Uma fera, portanto, que não tem nome. E muito menos, sobrenome. Que dirá uma história que as mais remotas lembranças poderiam contemplar, sob a pátina do tempo. Ou que a fotografia de um velho álbum de retratos possa testemunhar de um tempo findo, intangível, e por isso mesmo tão lindo.

É desse coração selvagem, mas perfeitamente domesticável, que cuidam os marqueteiros, bilionários, das campanhas eleitorais. Seu mister é produzir um boneco, ou uma boneca, que precisa vender que o produto dos concorrentes.

E vende mesmo, sobretudo se os ventos dos patrocinadores da campanha publicitária puderem soprar com mais força.

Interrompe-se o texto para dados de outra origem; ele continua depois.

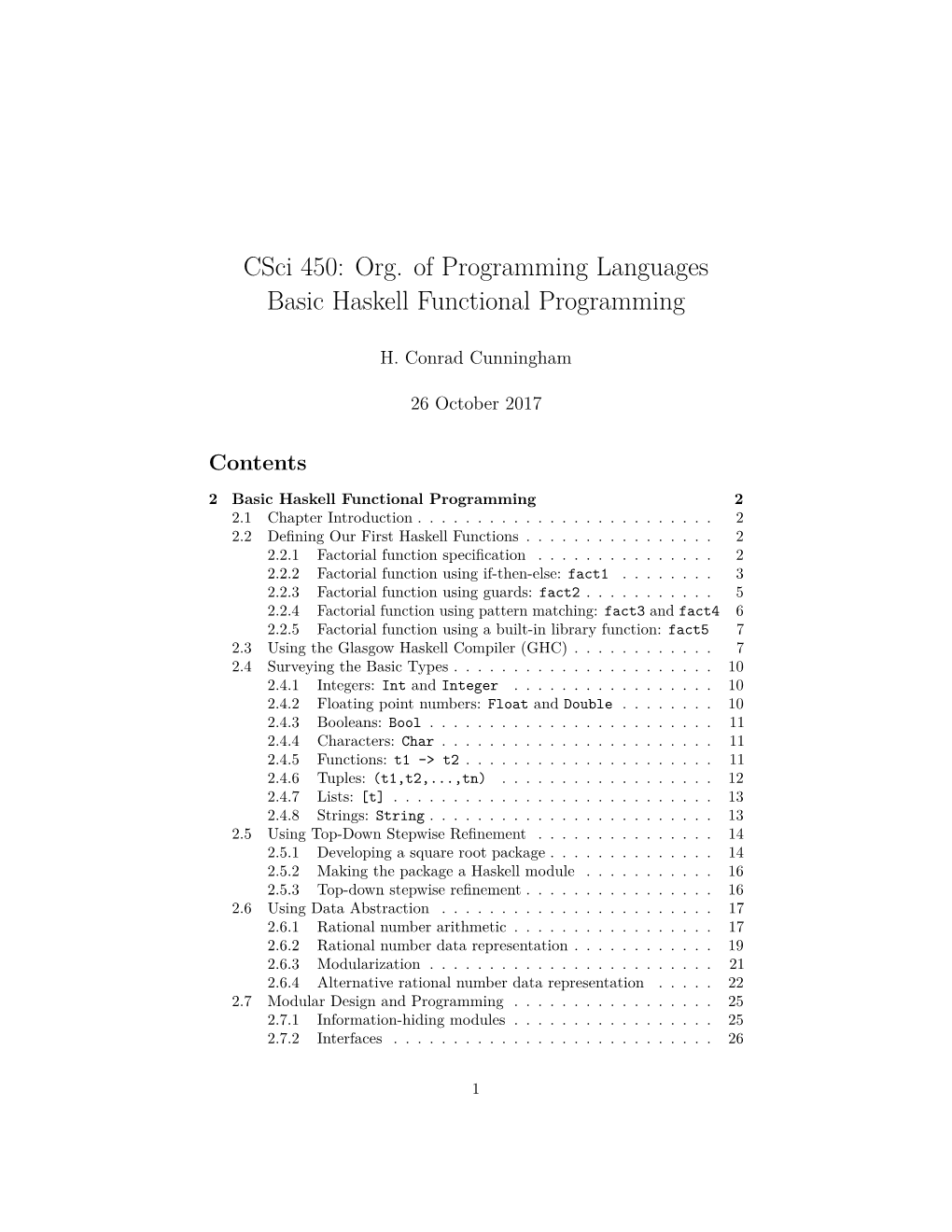 Csci 450: Org. of Programming Languages Basic Haskell Functional Programming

Mas o povo não é um coletivo de corações que se despreze, guardados em algum baú, no porão, como os bonecos de pano, bodoques e outros brinquedos da fantasia de nossa infância, sem vida, sem presente nem futuro. Mortos.

O povo é a soma de cada um dos corações selvagens, individuais e intransferíveis, que não se confundem com outros. Não se anulam.

É o indivíduo, cada um de nós que se insurge contra todo modelo que ignora essa natureza. Que por tão insondável, maravilhosa e única, inigualável, só pode ser divina.

Assim é o nosso coração selvagem. Para nos proteger dos bárbaro e, ao mesmo tempo, nos desafiar a voltar ao baú do porão para tirar de lá as asas da eternidade que esquecemos de voar.